Keluhan para orangtua mengenai dinamika anak-anaknya pada saat mereka beranjak remaja dan menjadi pemuda-pemudi kerap terdengar. Surat di atas ialah salah satu dari sekian banyak surat yang mampir ke in-box saya. Keluhan mengenai soal psikologis dan bagaimana mendampingi perkembangan Orang Muda Katolik (OMK) biasanya juga bersamaan dengan keluhan mengenai perkembangan iman Katolik-nya, seperti surat ibu di atas yang mengeluhkan iman anaknya yang sedang mengalami kehampaan. Dari pihak OMK sendiri pun keluhan soal pengetahuan iman sering muncul. Di in-box saya sepanjang tahun 2008 telah mampir 23 keluhan kebingungan mengenai pengetahuan iman. Salah satunya ini:


(Wednesday, January 14, 2009, 15.47 PM): Romo, saya telah 3 bulan kerja di kawasan Kelapa Gading.
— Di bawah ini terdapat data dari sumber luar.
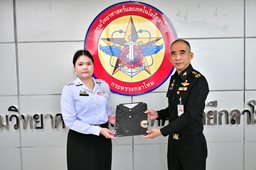 ๒๑ พ.ย.๖๘ จก.วท.กห. มอบเสื้อให้แก่กำลังพล วท.กห.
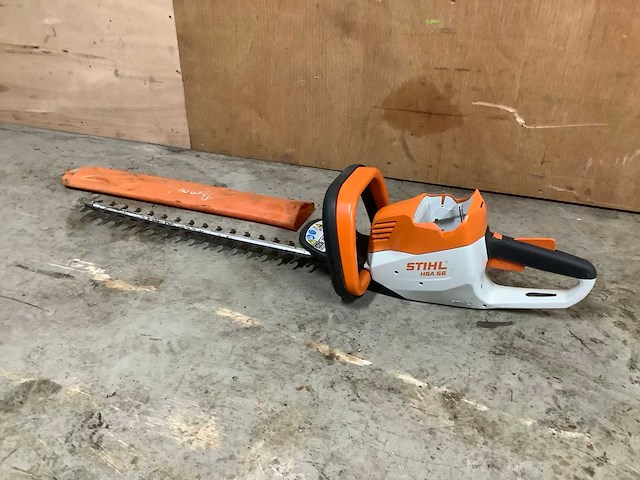 2017 stihl hsa56 heggenschaar - afbeelding 2 van  2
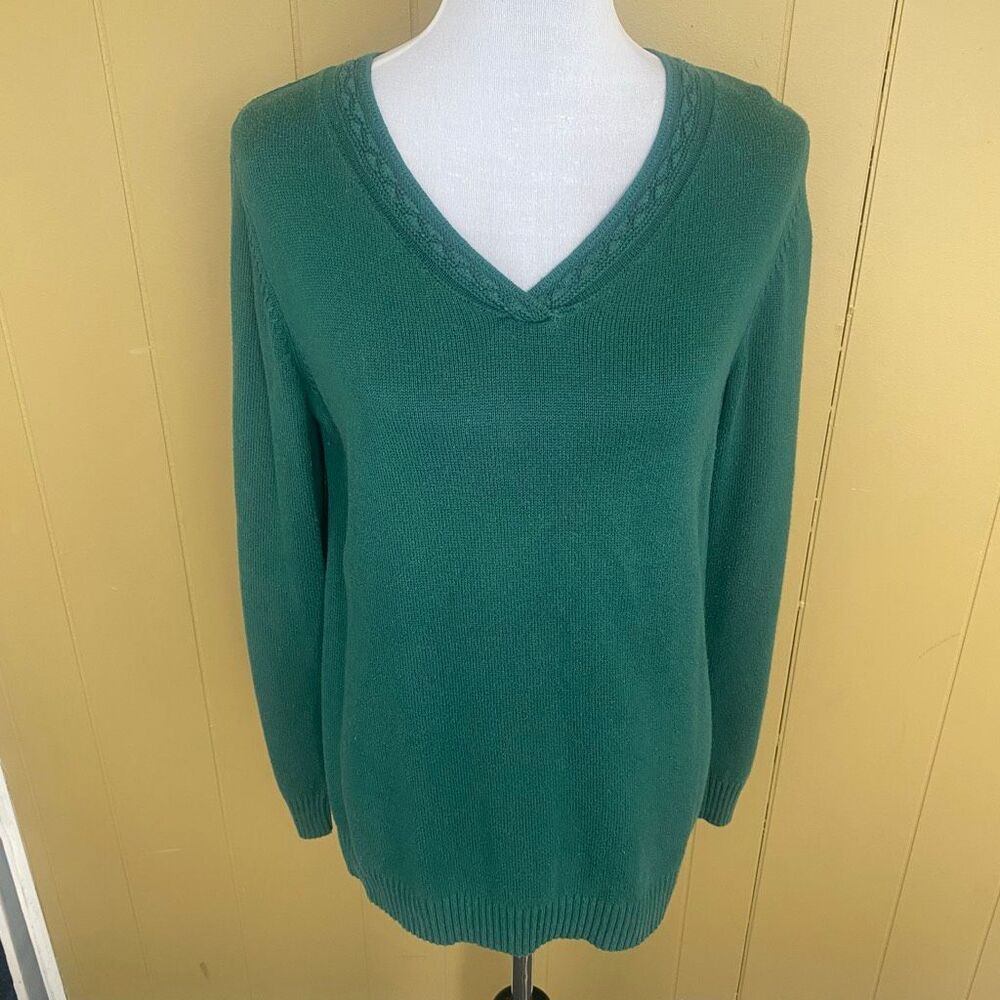 White Stag women L 12/14 v-cut cotton blend longsleeve sweater green
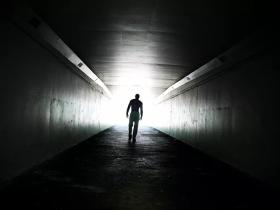 没经历过“至暗时刻”,不足以谈创业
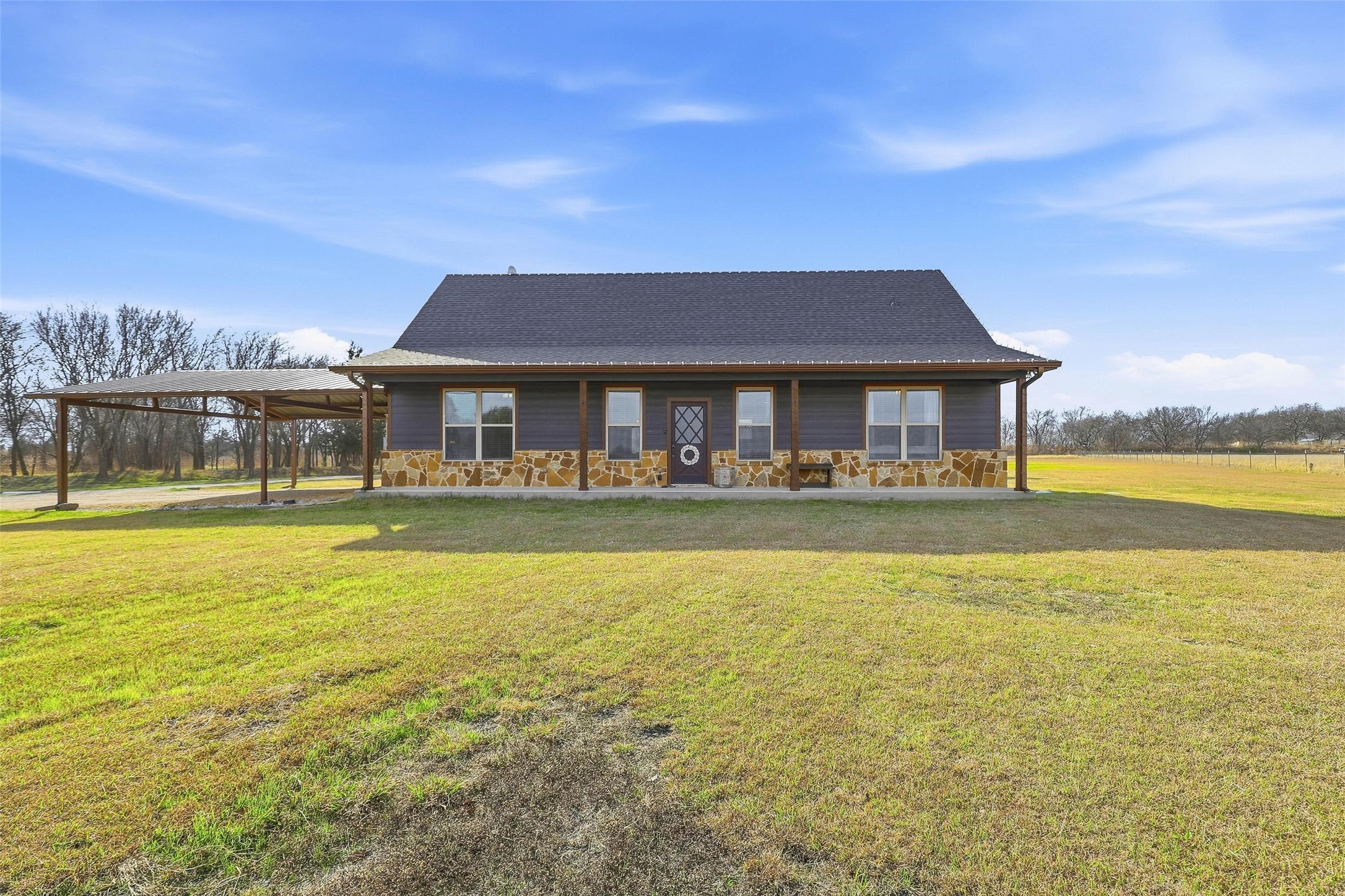 689 Stafford Road Italy TX 76651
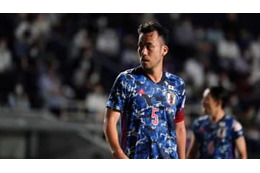 吉田麻也、サウジサポーターに詰め寄った「激怒シーン」がこれ 画像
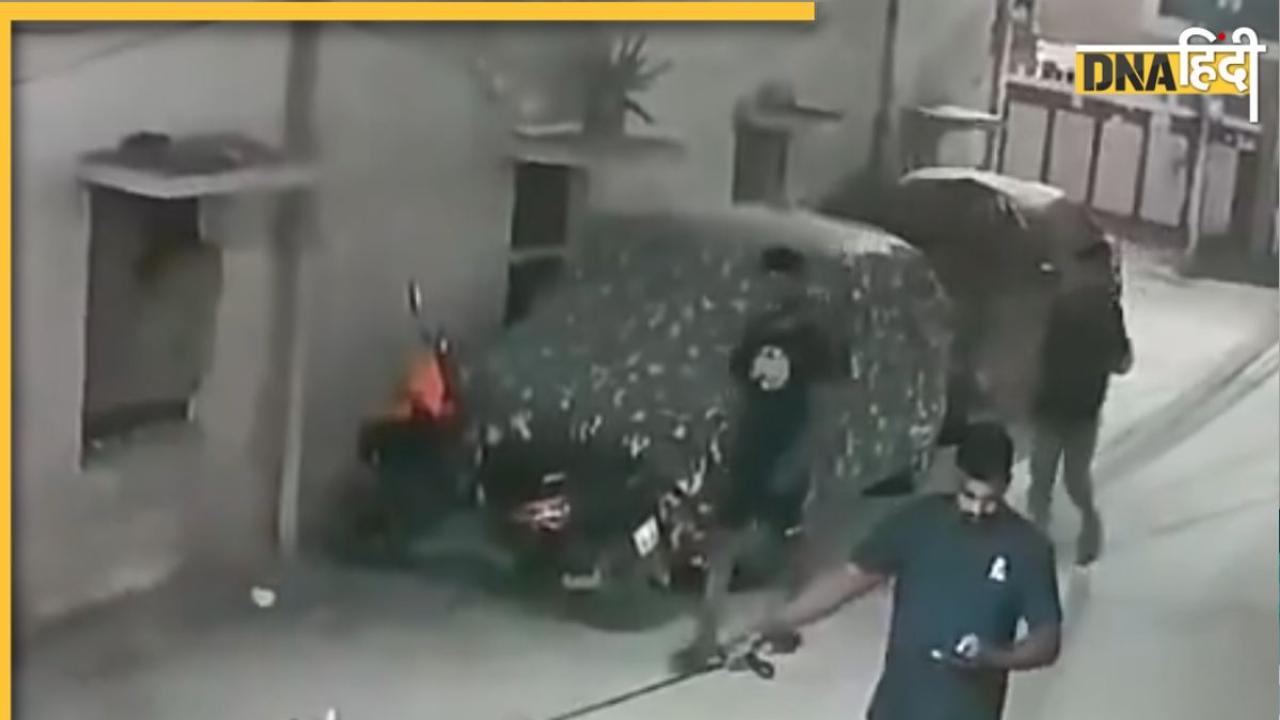  हैदराबाद में कुत्ते और उसके मालिक की लाठी-डंडों से पिटाई, वायरल हो रहा CCTV फुटेज 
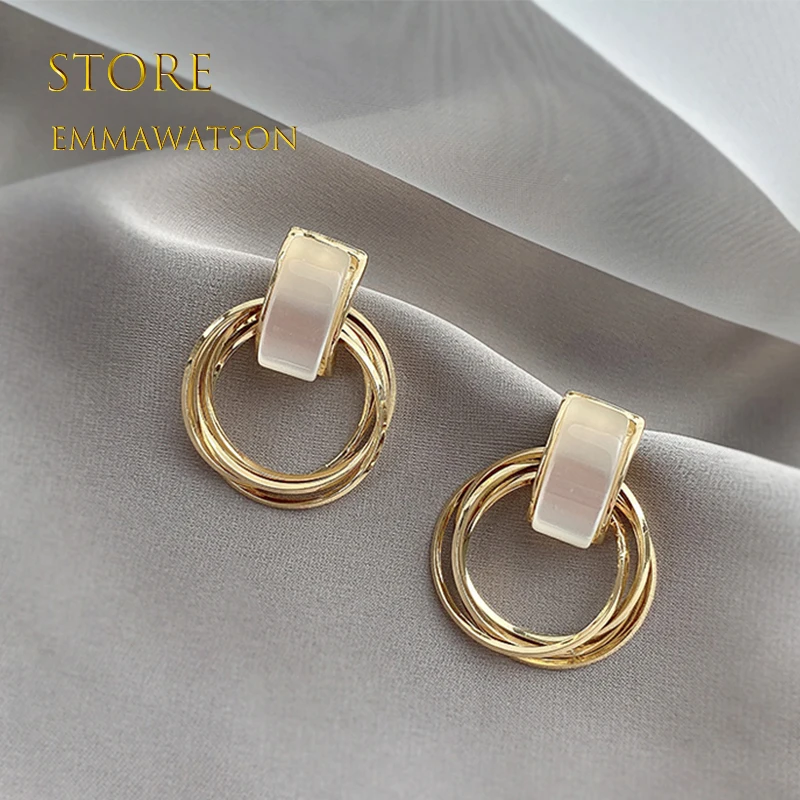 Retro Metallic Gold Color Small Circle Pendant Earrings 2021 New Jewelry fashion Wedding Party Unusual Earrings For Woman
Retro Metallic Gold Color Small Circle Pendant Earrings 2021 New Jewelry fashion Wedding Party Unusual Earrings For Woman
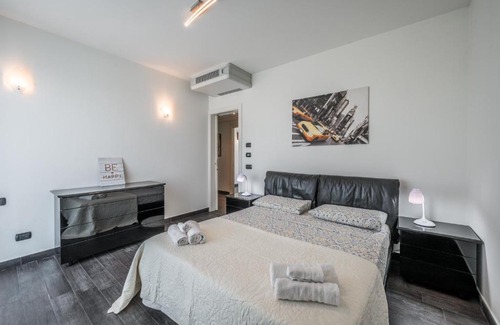 San Faustino-Madonnina-Quattroville Apartment | Ospedale Baggiovara - Guerrilla Art House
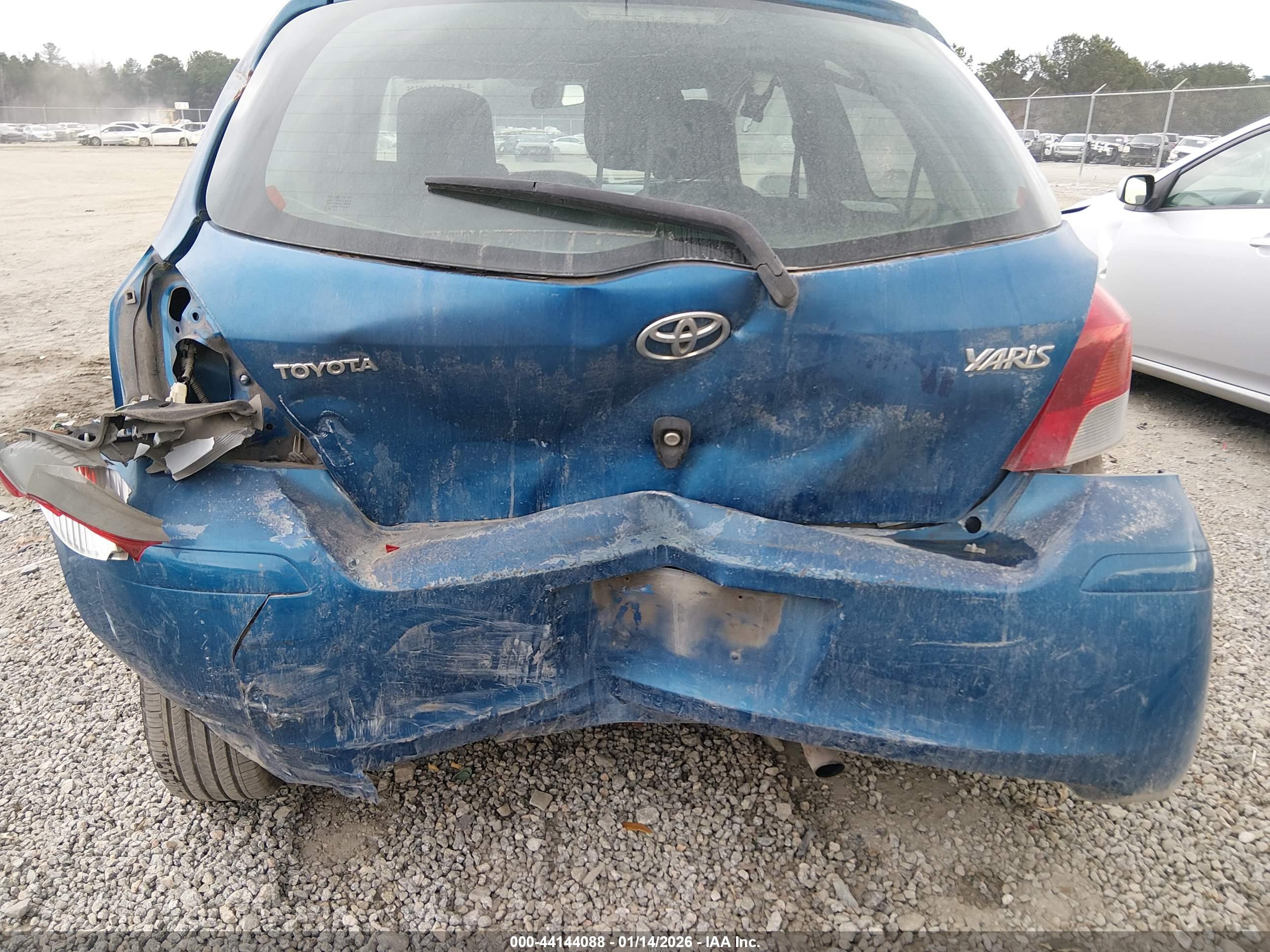 TOYOTA YARIS image 6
Syukurlah lumayan baik, walau sering banjir. Tapi yg saya gelisah. Teman saya cowok beragama bukan Katolik. Tampaknya ia naksir saya. Ia baik, tapi suka bertanya-tanya ttg iman Katolik. Yang bikin saya gelisah, ia memberi buku-buku dan mempertanyakan iman Katolik saya. Saya bingung nih Romo. Saya pun tak tahu mesti ngejawab apa. Misalnya ia bilang bahwa Katolik salah karena percaya paus yang hanya manusia, itupun dikatakan bahwa paus kebal salah. Juga soal katolik menyembah Bunda Maria dan bikin patung itu salah besar. Juga salah jika kita misa karena itu berarti kejam karena menyalibkan Tuhan Yesus lagi. Saya jujur saja kini sedang goyah. Tak pernah lagi ikut misa. Bagaimana Romo, saya bingung.


Menimbang Perkara

Dari dua pucuk surat elektronik di atas, saya menemukan ada sebuah fakta yang sukar dibantah, yaitu bahwa pengetahuan dan penghayatan iman saling berhubungan. Pengetahuan iman yang minim akan membuat semangat OMK dalam menghayati iman gampang padam. Sebaliknya, penghayatan iman yang suam-suam kuku, tidak akan menyemangati OMK untuk menambah pengetahuan imannya. Surat yang pertama di atas ialah mengenai seorang anak berusia 17 tahun yang bersemangat suam-suam kuku dan bolehlah ditebak berpengetahuan iman rendah. Surat yang kedua dari seorang gadis

Katolik berusia 34 tahun, dengan penghayatan iman yang pada mulanya semangat, namun oleh karena pengetahuan imannya rendah, maka penghayatannya menjadi goyah. Pada kedua surat tersebut, baik OMK berusia 17 tahun maupun OMK berusia 33 tahun ternyata pengalaman dan pengetahuan imannya relatif sama.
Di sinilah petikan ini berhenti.